No. Once you have run your home brew through one, discard it into the recycle bin.
The filter cartridges are designed to be used with one batch of home brew. They will filter up to 20 gallons (I have tested them that far – they might go further). Most home brew batches are 6 gallons.
Never use the same cartridge between home brews unless you are blending them as you filter them. The filter cartridge retains some of the home brew and the next use will push it out into your other batch.
I often blend wine batches of similar grape varietals, such as Pinot Noir with Merlot. I will make 3 kits, let them go through the fermentation and racking processes, then blend them together before I bottle them. My technique (which works very well) is to use a 5 micron filter while blending.

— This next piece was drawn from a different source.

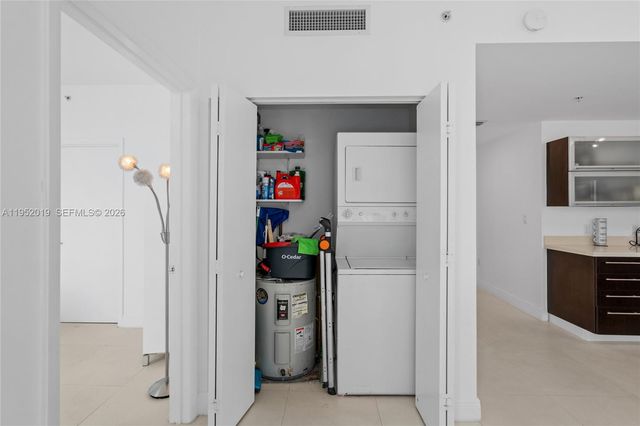 90 SW 3rd St 3609, Miami, FL 33130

For beer I recommend only using the 50 and 20 micron filter cartridges. You really don’t need much more than that, although I have used 10 and 5 micron filters with clearer brews, such as pale ales, etc.
My best results with beer to date have come from using the 50 micron filter cartridge to filter the beer after primary fermentation, typically while transferring it to the next fermentation vessel. Then I filter it again after secondary using the 20 or 10 micron filter, which is typically just before adding the priming sugar and bottling the beer.

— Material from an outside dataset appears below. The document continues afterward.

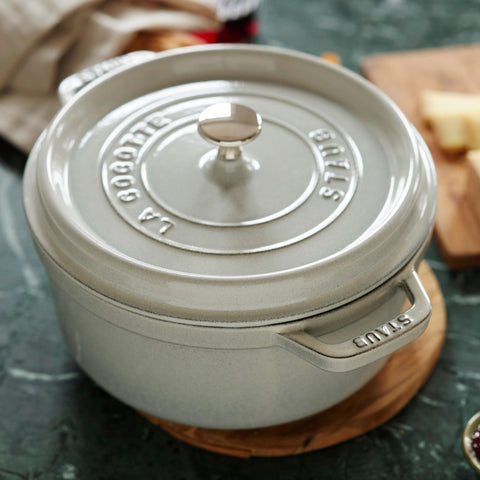Staub cocotte base esmaltada compatible con todas las estufas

For wine I use the 5 micron filter cartridge after the first clarifying, which is 3 to 4 weeks after I added the clarifiers and stabilized it with a small dose of potassium metabisulfite.

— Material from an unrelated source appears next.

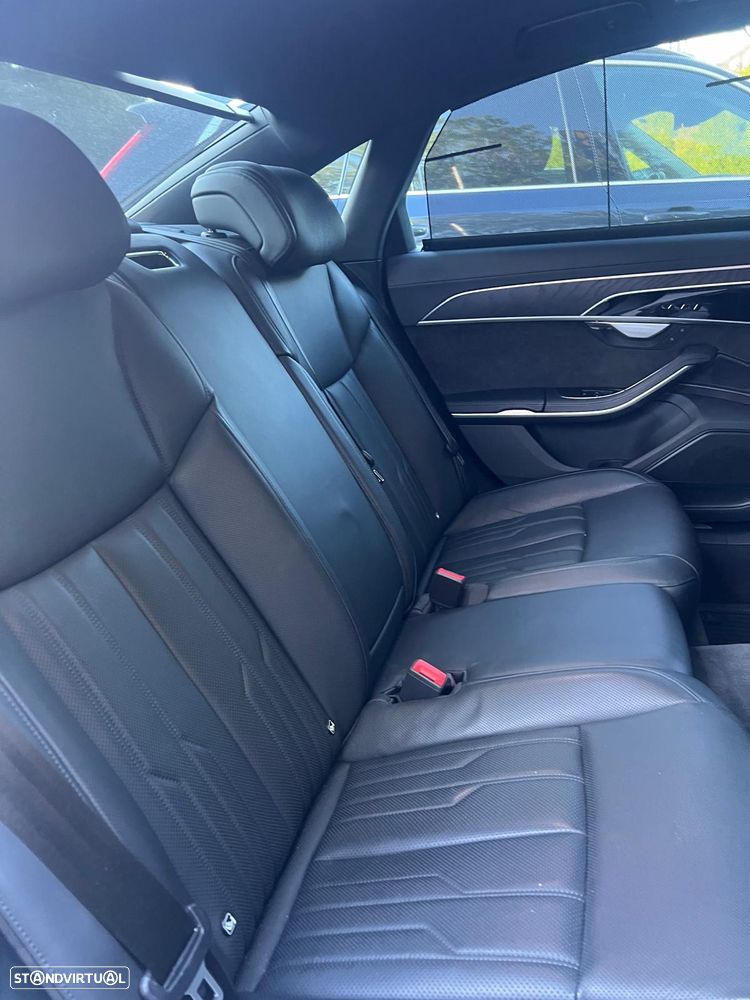 Audi A8 - 7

My best batches of wine have been the result of following this schedule:
- Primary fermentation – day 1
- 3 to 4 weeks later – rack to a carboy, the clear it (stir out the gasses, add clarifying agents, etc.)
- 4 weeks later – use the KLR Filter with a 5 micron filter cartridge and transfer the wine to another carboy.
- 4 weeks later use the 1 micron filter cartridge when you transfer the wine to another carboy
My wines are really excellent after about 4 or 5 months. Many wine kits say they are done in 6 weeks, but the results will be disappointing. Take your time with wine and let it age. You’ll be much happier with the results (as will your friends).